> [Task description]
In the listing that follows, locate the line containing "Pat Mcgrath Labs" and the line containing "Fanfare for the Fearless". Retype exactly those two lines and every line between them, and nothing more.

> [Given entries]

▼▼▼

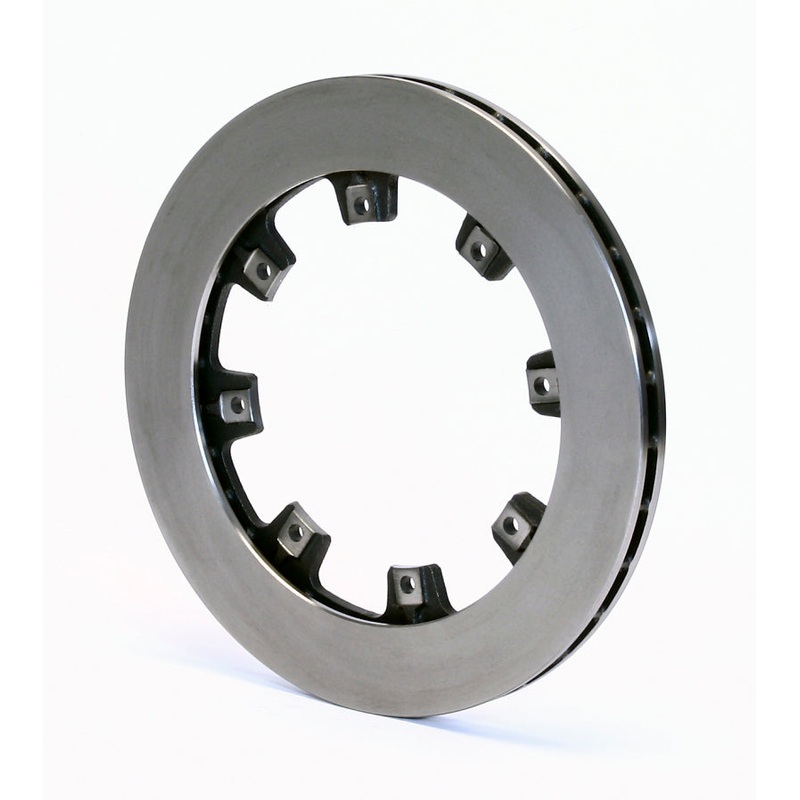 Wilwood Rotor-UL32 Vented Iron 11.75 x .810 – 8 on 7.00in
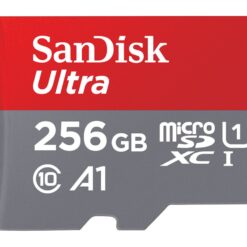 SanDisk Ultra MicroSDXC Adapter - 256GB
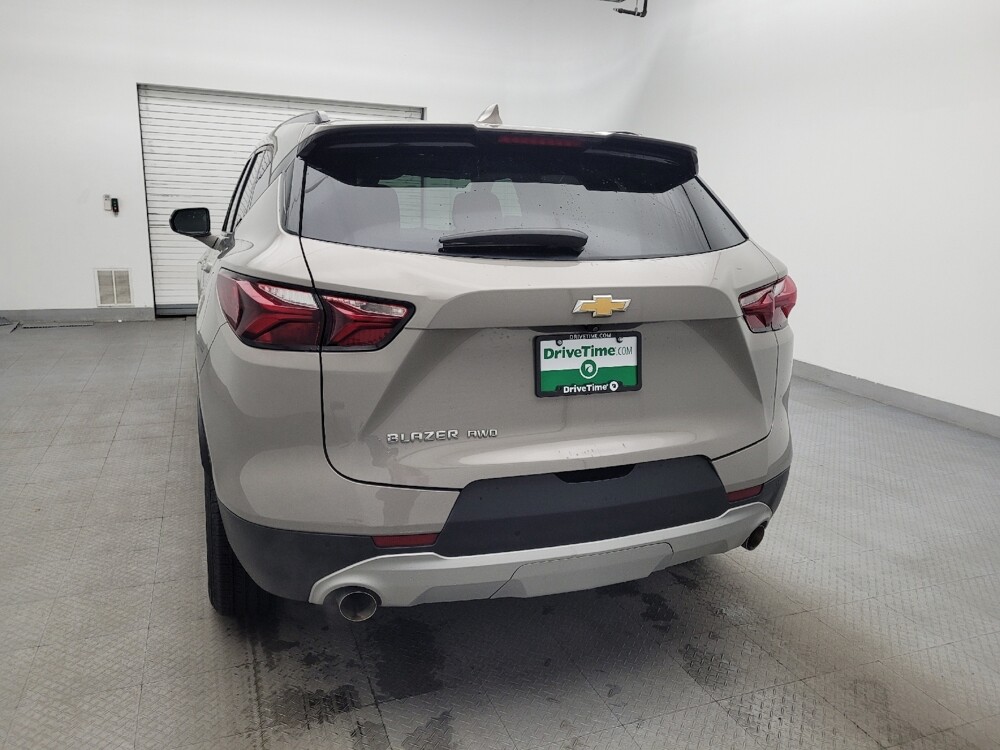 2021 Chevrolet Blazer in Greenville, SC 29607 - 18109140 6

▲▲▲
▼▼▼

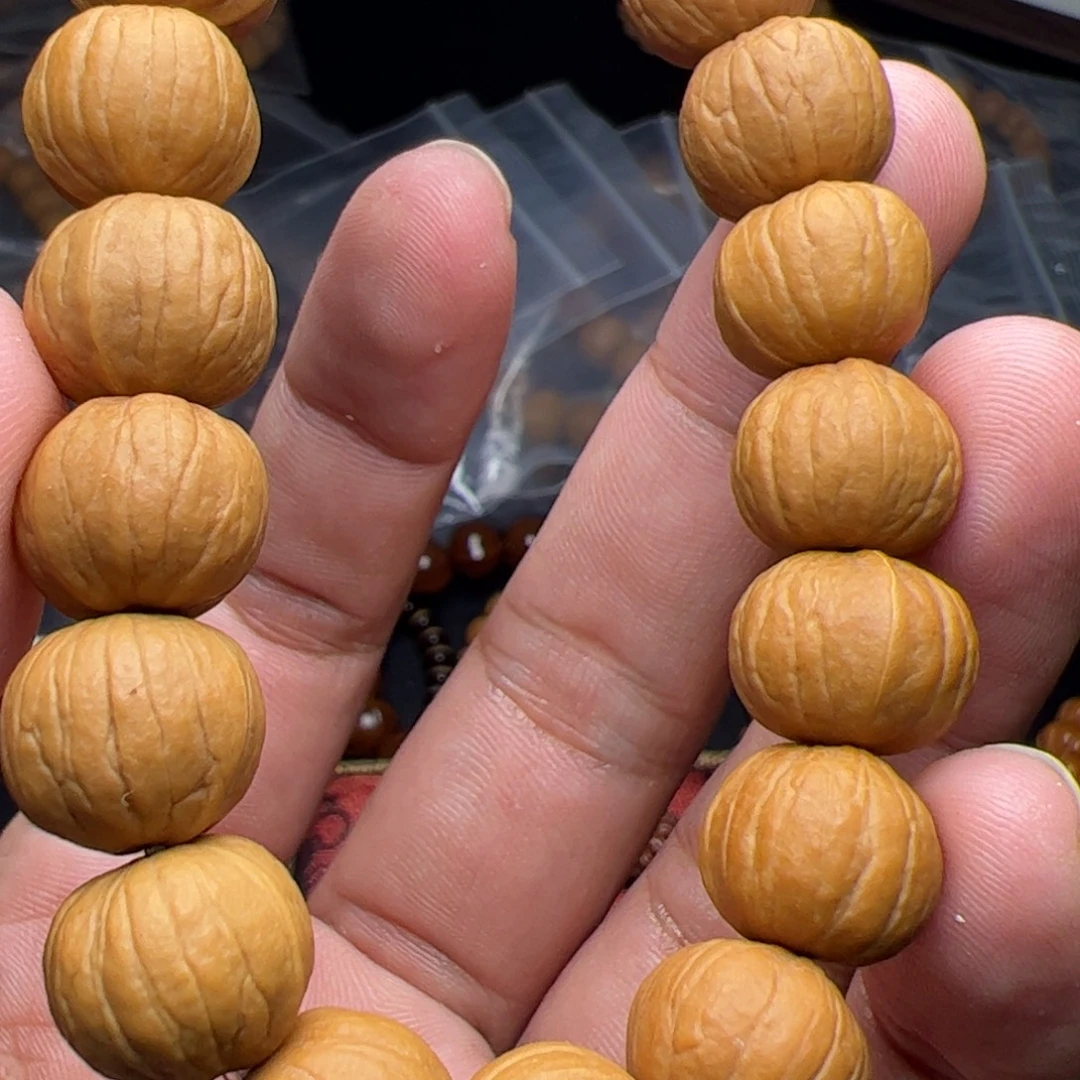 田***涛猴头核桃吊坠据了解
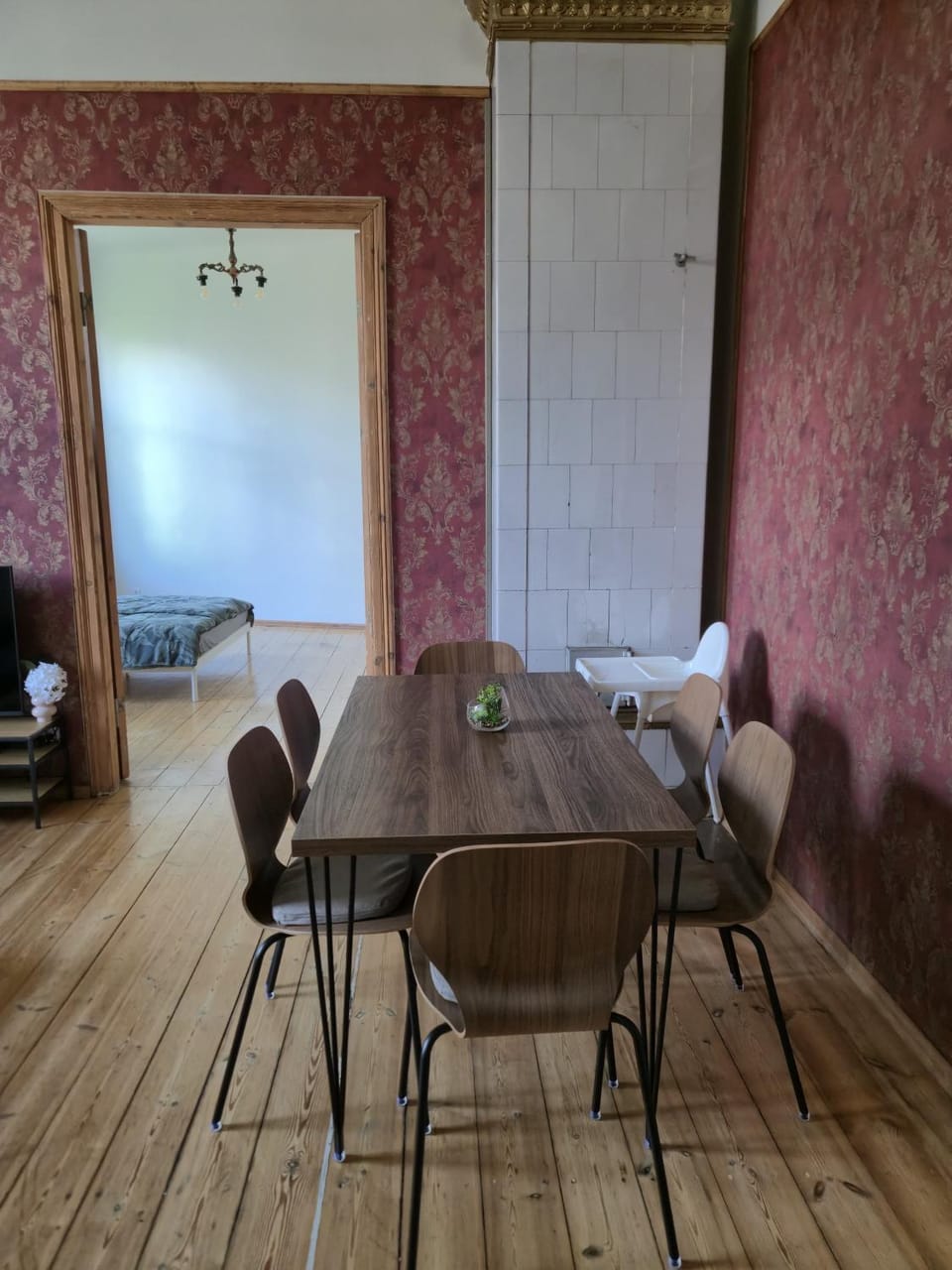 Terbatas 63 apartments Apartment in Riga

▲▲▲
▼▼▼

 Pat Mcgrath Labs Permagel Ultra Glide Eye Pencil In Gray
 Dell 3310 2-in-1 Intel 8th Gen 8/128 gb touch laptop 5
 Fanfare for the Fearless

▲▲▲

> [Result of the exercise]
 Pat Mcgrath Labs Permagel Ultra Glide Eye Pencil In Gray
 Dell 3310 2-in-1 Intel 8th Gen 8/128 gb touch laptop 5
 Fanfare for the Fearless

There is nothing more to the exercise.